Now how can i solve this problem??
I mean how can i get the two DC e using this transformer??
I am planning to use regulators, so i don't want to use the 18V as an input to the 9V regulator
---------- Post added at 21:42 ---------- Previous post was at 21:32 ----------
Normally you ground the center tap and you connect the two ends to a bridge to get about +12.5/-12.5 DC.
If you don't use the gnd in the center tap but you connect the output "negative" voltage to the gnd after the bridge then you can get 25v.
The problem is that you want to use two different grounds together and I think it will not work.
You right side schematic with one bridge will work, I'm not sure about the left side with two bridges.
Actually your link schematic in post #3 works fine because of the diodes that are connected to the gnd side of the 12v regulator.
The only problem is that 7812 needs 14v input and with 9v AC (about 12.5v DC) you will have less so the regulator will not work correctly
The circuit in post #1 will work but it is inefficient.
I'm using a simulator. I attach capacitors and loads to the 9V and 18V points.
It will be okay with the 18V. Voltage rises to 24V with light load.
And the 9V supply will rise to 24V max as well. Notice that the common ground is connected to the bottom left diode in the 18V diode bridge. When that diode turns on it pulls the common ground into the negative.
Post #3 left hand circuit is based on post #1. The regulator will produce 9V however there will be an offbeat circuit path through a diode or two. Not the most efficient.
Post #3 right hand circuit will work. It is straightforward. Only slightly more efficient than the left hand circuit.
However it wastes half the power through heat.
I can confirm alexan's statement post #10. The dual supply layout in post #7 can work. It will also give what post #1 asks regarding the 9-0-9 dual supply.
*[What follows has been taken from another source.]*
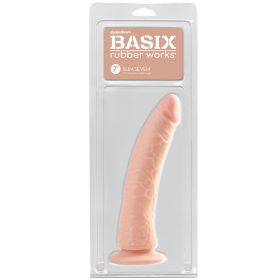 Basix Rubber Works Slim Dong with Suction Cup Light 7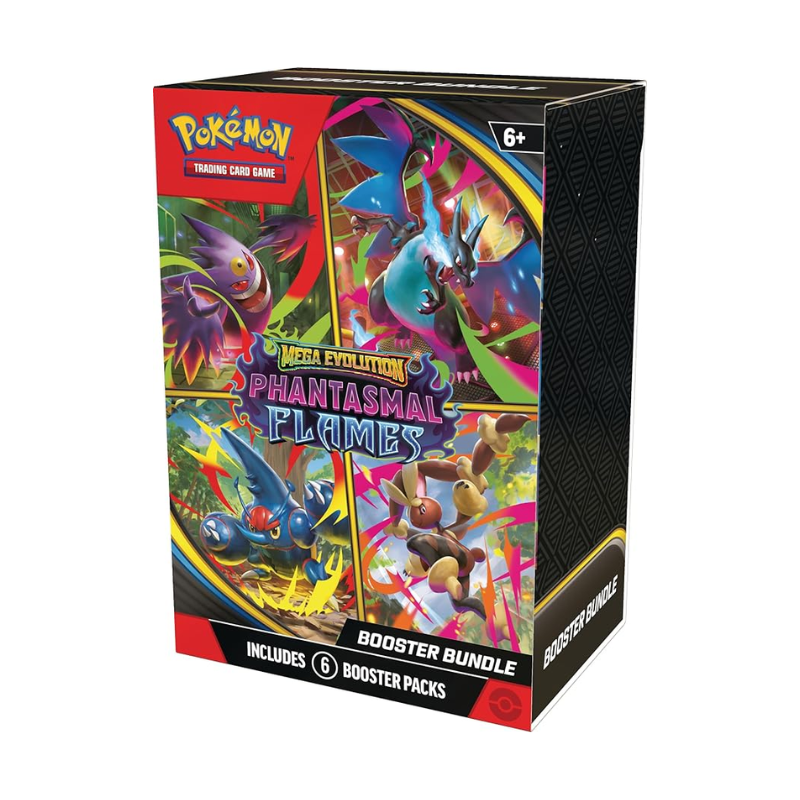 Pokemon TCG - Mega Evolution 02 Phantasmal Flames Booster pack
The center tap is at zero. The center tap is the positive end of a 9V full-wave center tap supply. The load is at -12 VDC. (Assuming capacitor filtering and light load.)
Its diodes perform double duty. Because they also power the 18V full-wave bridge supply. The load will get -12 DC and +12 DC at the ends (assuming capacitor filtering and light load). Normal and stable readings.
Common ground is the lowest node of the diode bridge. We make common ground our reference zero V.
Then the center tap is +12 (relative to common ground). High node of diode bridge is +24.
The center tap can feed pin 1 of a regulator. Regulator pin 2 can go to common ground.
There are no direct shorts at any point in the cycle.
In fact, the circuit from post #10 is the only one that's working as shown, all others are at least missing capacitors. Is it so difficult to draw the schematics completely?
Circuit #10, is basically a modfied standard center tapped transformer dual supply circuit. If most of the power goes to the lower output voltage and only a small amount to the other, the transformer efficiency can be increased by using a bridge rectifier for the low voltage and a doubler circuit for the high voltage.